Source material:
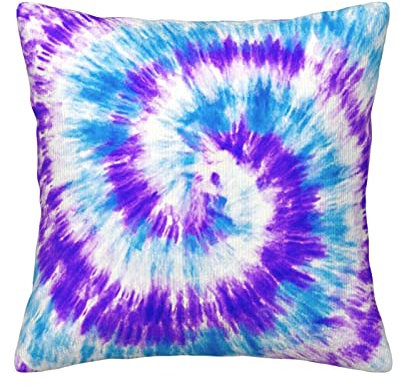 Quadratischer Kissenbezug, lila Batikkissen 45 cm x 45 cm mit unsichtbarem Reißverschluss, dekoratives Kissen für Bettsofa (nur Kissenbezug, kein Kissenkern)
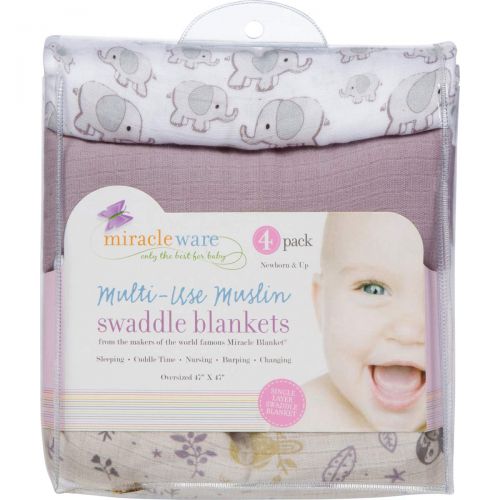  Miracle Blanket MiracleWare Muslin Swaddle Blanket, Grey Collection, 4 Piece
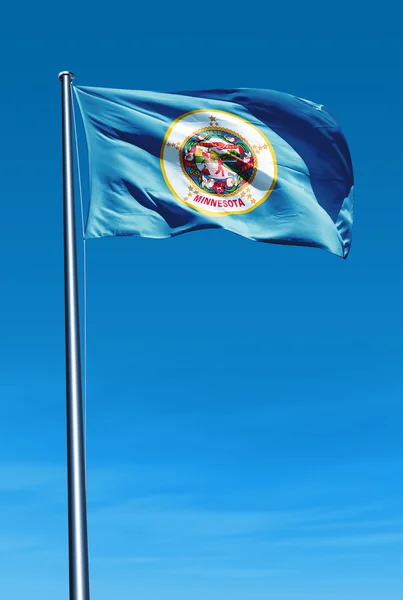Rüzgarda sallayarak minnesota (ABD) bayrağı — Stok fotoğraf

Exercise instructions:
Restate the material above word for word; pictures do not belong in the copy.

Task solution:
 Quadratischer Kissenbezug, lila Batikkissen 45 cm x 45 cm mit unsichtbarem Reißverschluss, dekoratives Kissen für Bettsofa (nur Kissenbezug, kein Kissenkern)
  Miracle Blanket MiracleWare Muslin Swaddle Blanket, Grey Collection, 4 Piece
Rüzgarda sallayarak minnesota (ABD) bayrağı — Stok fotoğraf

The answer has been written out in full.